Overview

In this lesson we learn R programming tools such as “if”, “for” and “apply”.

Objectives

After completing this lesson, students should be able to:

Create and use “if” conditionals.
Create and use “for” loops.
Apply “apply” for faster vector operations.

Readings

Lander, Chapters 9, 10, 11.1

1 Programming

The other important tools for writing functions and manipulating data are control statements and loops. This too will be familiar to those with some programming background.

For those with no programming experience, the key idea is that a program or script is executed by R one line at a time, often with generous use of brackets { } and parentheses to let the computer know where chunks start and end.

1.1 If

We have seen conditional statements implicitly before, but if allows us more control:

if(3 < 4){
  print("yup")
}

[1] "yup"

Again, like all scripts, this is executed by R like we read it – from the top down, one line at a time. If takes a truth condition as its input, and executes the stuff in the brackets {} if the input truth condition is TRUE.

Here’s another example:

if(3 == 4){
  print("yup")
}

Note the lack of output now.

1.2 Logical operators

Inportant logical operators include ==, <, >, <=, >=, as well as “and” &, “or” |, “not” ! and not equal to !=. For instance:

if((3 < 4) & (3 != 2)){
  print("yup")
}

[1] "yup"

Note the use of parentheses to make sure the logic is clear; you can sometimes get away with less parentheses, but it’s good form to be explicit.

1.3 Else

If can also do alternative actions when the input is false, via else. Here is an illustration in a function using if and else:

isitthree <- function(x){
  if(x == 3){
    return(TRUE)
  }else{
    return(FALSE)
  } 
}
isitthree(3)

[1] TRUE

You can also user a shorter function that combines them into ifelse:

isitless <- ifelse(3<4,1,0)
isitless

[1] 1

where the first argument is the test, the second is the output for if it is true, and the third is the output for if the test is false.

2 Loops: For

R is notoriously slow for scripts that repeated loop through data, but often speed is not an issue or you just need to write a loop to generate or manipulate your dataset.

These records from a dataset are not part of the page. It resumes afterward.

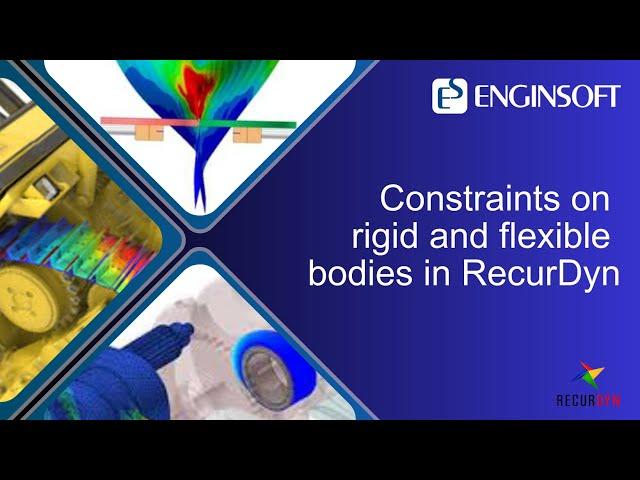 Constraints on rigid and flexible bodies in RecurDyn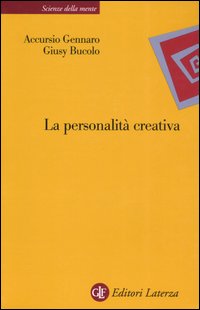 La personalità creativa. Le teorie, i processi, la costruzione dell'identità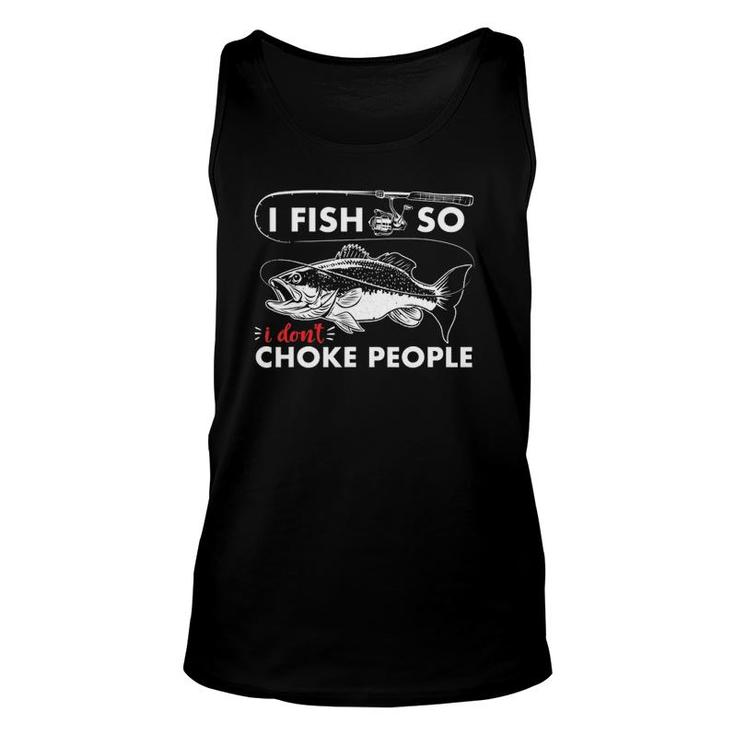 I Fish So I Don't Choke People Funny Sayings Fishing Tee Unisex Tank Top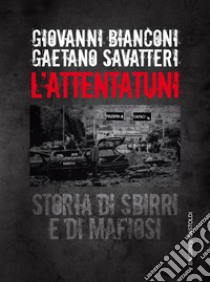 L’attentatuni: Storia di sbirri e di mafiosi. E-book. Formato EPUB ebook di Gaetano Savatteri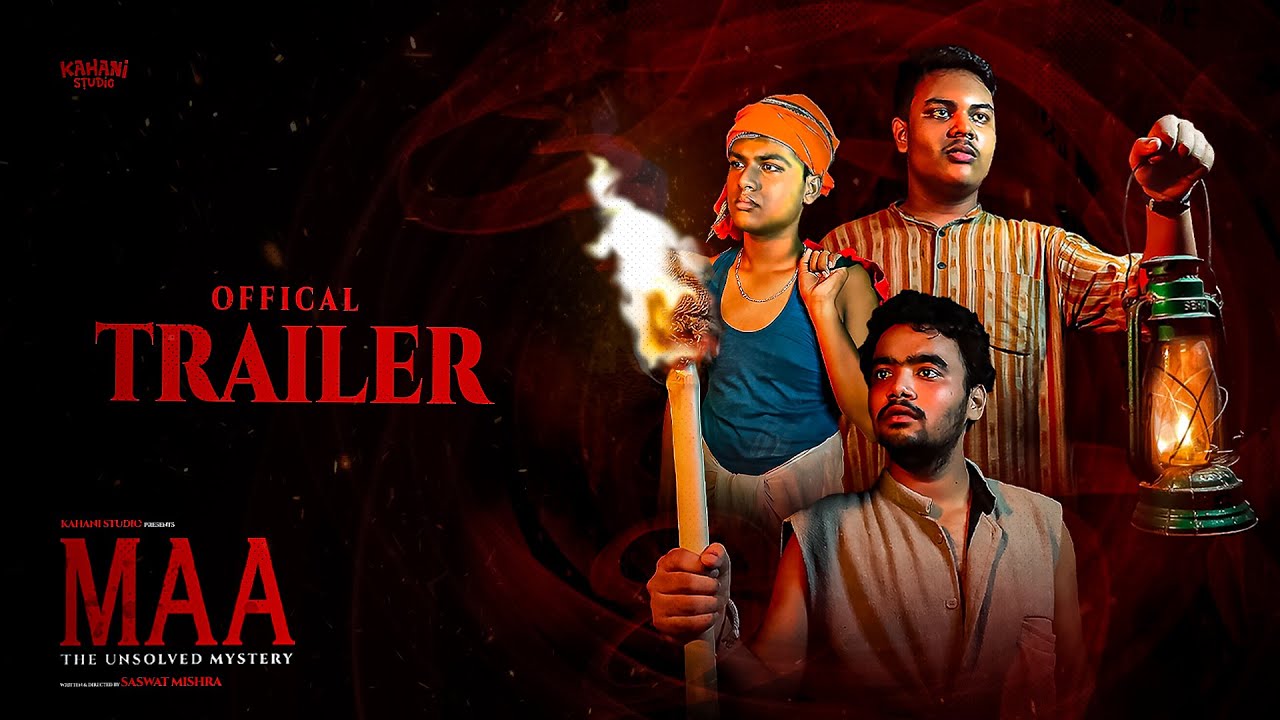 MAA: The Unsolved Mystery – Official Trailer / Kahani Studio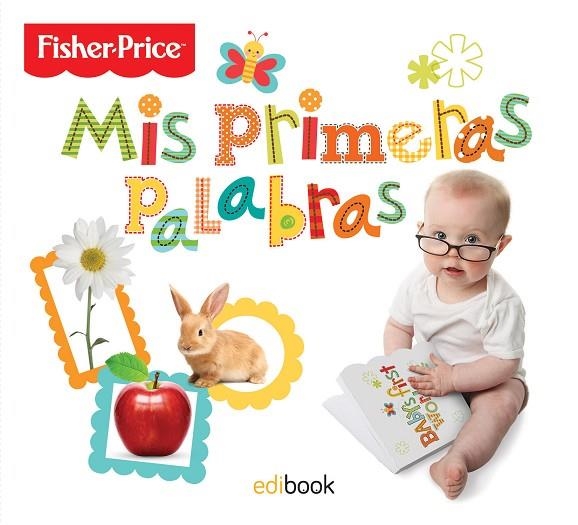 MIS PRIMERAS PALABRAS | 9788499399942 | FISHER PRICE | Llibreria La Gralla | Llibreria online de Granollers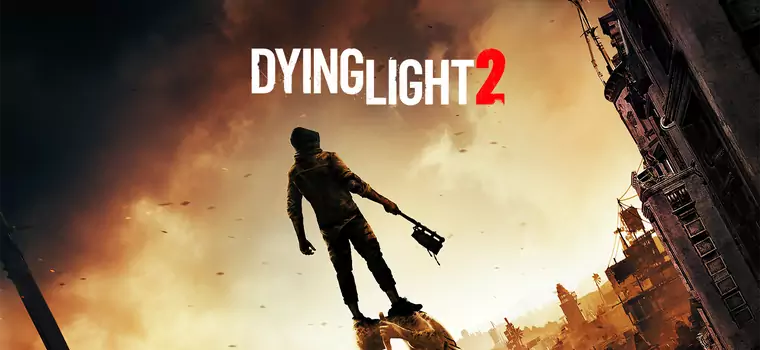 Dying Light 2 wyjdzie w 2021 r., twierdzi Techland i pokazuje nowy zwiastun gry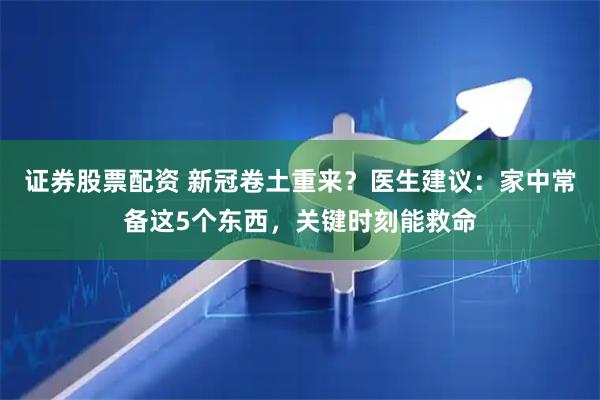 证券股票配资 新冠卷土重来？医生建议：家中常备这5个东西，关键时刻能救命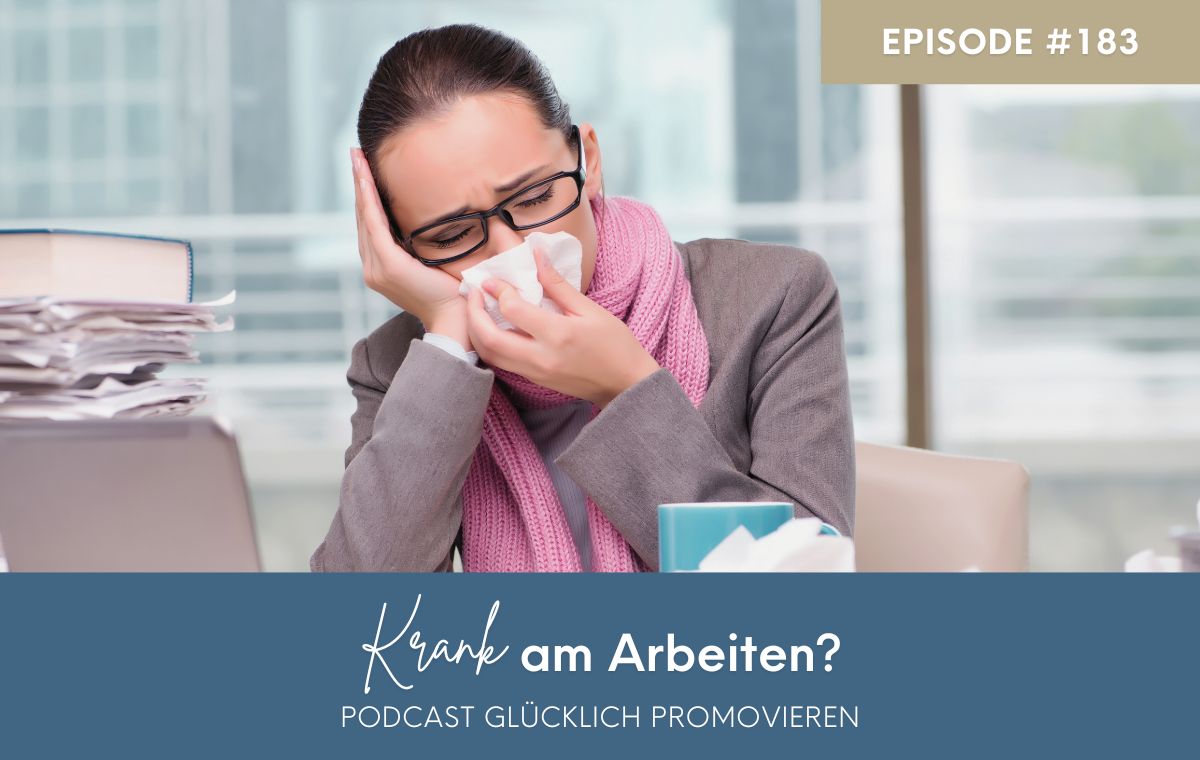 Krank und am Arbeiten und Promovieren?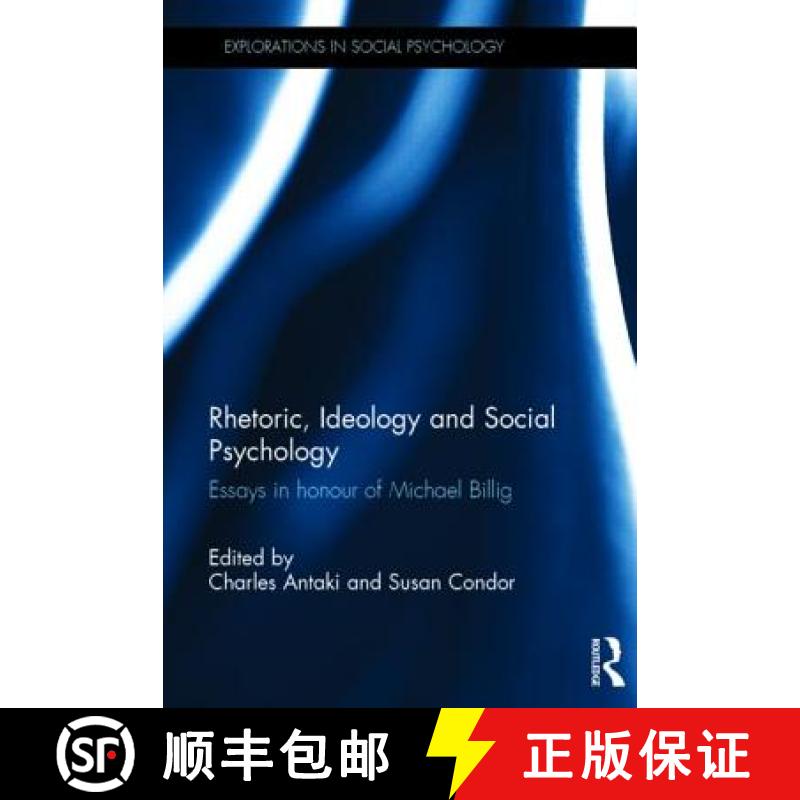 【3-4周达】Rhetoric, Ideology and Social Psychology : Essays in honour of Michael Billig [9780415820677]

The most common loop function is for:

for(i in 1:3){
  print(2*i)
}

[1] 2
[1] 4
[1] 6

Here i, like in a function, is a local variable, used within the loop only. After the “in” comes a vector (eg, 1:3); it can be any vector, including a column of data.

for(j in c("frog","duck")){
  print(j)
}

[1] "frog"
[1] "duck"

2.1 Loops for updating variables

One common technique you see in programming using loops is to create an empty scalar or vector variable, and then repeatedly updating it inside a “for” loop. Say I wanted to multiply a number (say, 5) by 3 without actually using a multiplication function. Since multiplying 5 by 3 is the same as counting by 3s five times, I could write:

myprod <- 0
for(i in 1:5){
  myprod <- myprod + 3
}
myprod

## [1] 15

When that is done, myprod equals five three’s, or 15. Note how we use the same variable, myprod, over and over again, updating it each time.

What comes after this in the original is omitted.